274383 Bio-Oil Microexplosions in the Thermochemical Refining of Biomass for Biofuels

Monday, October 29, 2012: 4:55 PM
315 (Convention Center )
Richard Hermann1, Andrew R. Teixeira2, Jacob S. Kruger3, Wieslaw Suszynski4, Paul Dauenhauer2 and Lanny D. Schmidt5, (1)Chemical Engineering and Material Science, University of Minnesota-Twin Cities, Minneapolis, MN, (2)Chemical Engineering, University of Massachusetts Amherst, Amherst, MA, (3)Department of Chemical Engineering and Materials Science, University of Minnesota, Minneapolis, MN, (4)University of Minnesota-Twin Cities, (5)Chemical Engineering and Materials Science, University of Minnesota, Minneapolis, MN

Bio-Oil Microexplosions in the Thermochemical Refining of Biomass for Biofuels

Richard Hermann1, Andrew Teixeira2, Jake Kruger1, Wieslaw Suszynski1, Paul J. Dauenhauer2, Lanny Schmidt1

1University of Minnesota, Department of Chemical Engineering and Materials Science, 421 Washington Ave. SE, Minneapolis, MN 55455

2University of Massachusetts, Department of Chemical Engineering, 686 North Pleasant Street, Amherst, MA, 01003

Fast pyrolysis is a promising technology for the conversion of lignocellulosic biomass to renewable liquid fuels and chemical products.  The technique involves rapid heating of biomass to 375-525 °C in the absence of oxygen for residence times of 1-2 seconds in order to convert the feedstock’s energy rich carbon backbone into a condensed liquid referred to as “bio-oil” [1]. It has been reported previously that convectively heating bio-oil droplets in a hot, gaseous environment may produce a violent boiling event termed a “microexplosion” in which the droplet is violently blown apart into many smaller secondary droplets [2-3].  Literature has observed both vaporization and microexplosion phenomena in bio-oil systems operating with temperatures from 500-900 °C in environments containing up to 24 mol % oxygen.  It has been suggested that microexplosions occur in multi-component bio-oil fuels due to the formation of a non-volatile shell and superheated volatile core [4], but this mechanism has not been confirmed.  We investigate the microexplosion mechanism by allowing a 5 µL droplet of pine-derived bio-oil to vaporize on an isothermal γ-alumina surface.  During vaporization, the disc was maintained at 500 °C under a constant nitrogen purge.  For these conditions, the bio-oil droplets were observed to evaporate for 1.5-2.5 seconds at which point they either dissipate into smaller drops and form surface char, or undergo a microexplosion event.  A combination of low and high frame rate photography (1000 fps) was used to determine microexplosion event times and to quantitatively assess the droplet vaporization rate. This analysis allowed for the determination of bio-oil vaporization adherence to the classical “D2-law” [5].  Further mechanistic insight was gathered by assessing the role of additives to the raw bio-oil. Specifically, microexplosion frequency and droplet lifetime was assessed for bio-oil/methanol dilutions, addition of solid particulate, and small pore size filtering (0.45 µm). The results generated from these treatment methods provide critical insight into the mechanism of microexplosions in bio-oils and provide potential solutions for either suppressing or enhancing the microexplosion phenomenon.

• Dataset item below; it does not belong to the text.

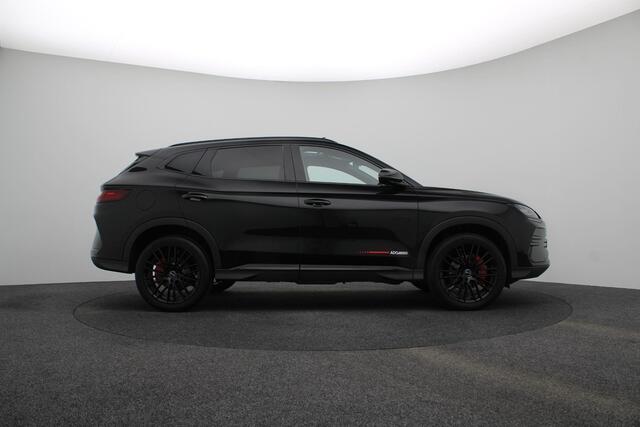 BYD Seal U 1.5 DM-i FWD Boost | ADG Black Edition | Uniek| Black-on-Black| Rode remklauwen| 20 Inch velgen | 1080 KM | Panorama dak | Apple Carplay | Navigatie | 360 graden camera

[1] G. W. Huber, S. Iborra, A. Corma, “Synthesis of Transportation Fuels from Biomass: Chemistry, Catalysts, and Engineering”, Chem. Review 2006, 106, 4044-4098.

[2] C. R. Shaddix, D. R. Hardesty, “Combustion Properties of Biomass Flash Pyrolysis Oils: Final Project Report” SAND99-8238; (1999).

[3] J. D'Alessio, M. Lazzaro, P. Massoli, V. Moccia, Symposium (International) on Combustion 1998, 27, 1915.

[4] V. Stamatov, D. Honnery, J. Soria, Analysis 2005, 17, 20.

[5] Godsave, G.A.E. Studies of the combustion of drops in a fuel spray: the burning of single drops of fuel. In: Proceedings of the Fourth Symposium (International) on Combusion (1953). Combustion Institute, Baltimore, MD, 818-830.